Directory changed to C:\Users\pablosal\Desktop\gbba-ai-small-language-models


## Exploring the Phi-3 Model Universe

Before we dive in, I highly recommend getting familiar with the nuances of fine-tuning Small Language Models (SLMs), especially focusing on the Phi-3 model. This deep dive will not only introduce you to the flexibility of SLMs in managing real-time applications and niche projects but also showcase how they can be tailored for custom solutions. For a comprehensive guide, check out: [Task Adaptation in Small Language Models: Fine-Tuning Phi-3](https://pabloaicorner.hashnode.dev/task-adaptation-in-small-language-models-fine-tuning-phi-3).

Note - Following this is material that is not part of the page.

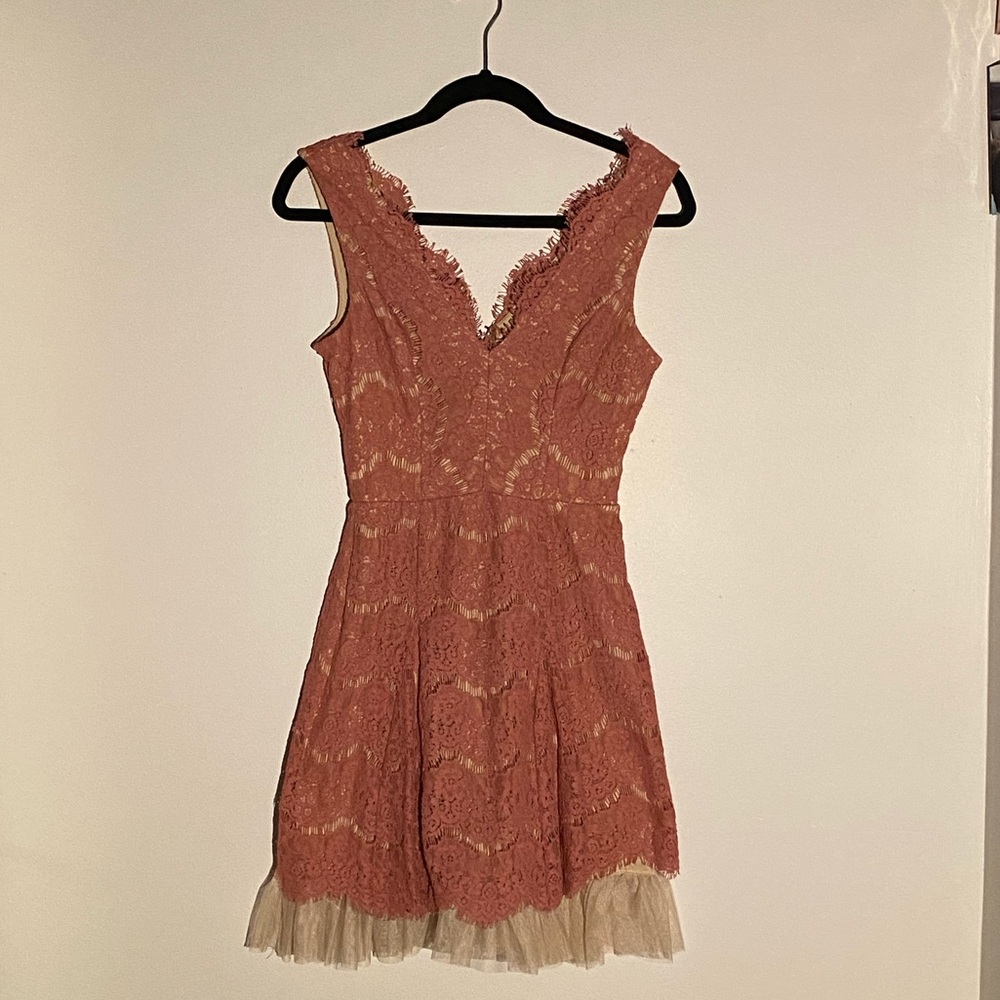 Pink Homecoming Dress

Looking for more resources? Don't miss the [Fine-Tuning with Azure Machine Learning Documentation](https://github.com/Azure/azure-llm-fine-tuning/tree/main/fine-tuning) for additional insights and guidance.

### Phi-3 Version 

| Model         | Parameters | Context Lengths | Capabilities                                                                                   | Use Cases                                                                                                         |
|---------------|------------|-----------------|------------------------------------------------------------------------------------------------|-------------------------------------------------------------------------------------------------------------------|
| **Phi-3-Vision** | 4.2 billion | 128K            | A multimodal marvel that seamlessly integrates language and vision.                            | Ideal for interpreting real-world images and digital documents, extracting text from visuals, and analyzing charts and diagrams. |
| **Phi-3-Small**  | 7 billion   | 128K, 8K        | A versatile language model excelling in language, reasoning, coding, and math benchmarks.      | Offers unparalleled performance, setting a new standard for efficiency and cost-effectiveness.                    |
| **Phi-3-Medium** | 14 billion  | 128K, 4K        | A language model that continues to outshine larger models in understanding and reasoning tasks. | Showcases exceptional capabilities in language understanding, reasoning tasks, and coding benchmarks.             |
| **Phi-3-Mini**   | 3.8 billion | 128K, 4K        | Introduced on April 23, 2024, excels in long-context scenarios for its size.                   | Perfect for reasoning tasks and is readily accessible via Models-as-a-Service (MaaS).                             |

### 💡 Benefits of Phi-3 Models

- **Performance and Efficiency:** The Phi-3 family is engineered to surpass models within the same parameter range, delivering top-tier performance in both language and vision tasks across a multitude of applications.
- **Cost Efficiency:** Models like Phi-3-mini and Phi-3-small offer budget-friendly solutions without sacrificing performance, ideal for environments where computational resources are limited.
- **Versatility:** With capabilities spanning natural language processing, coding, math, and multimodal tasks, the Phi-3 models are adept at handling both general-purpose and specialized applications.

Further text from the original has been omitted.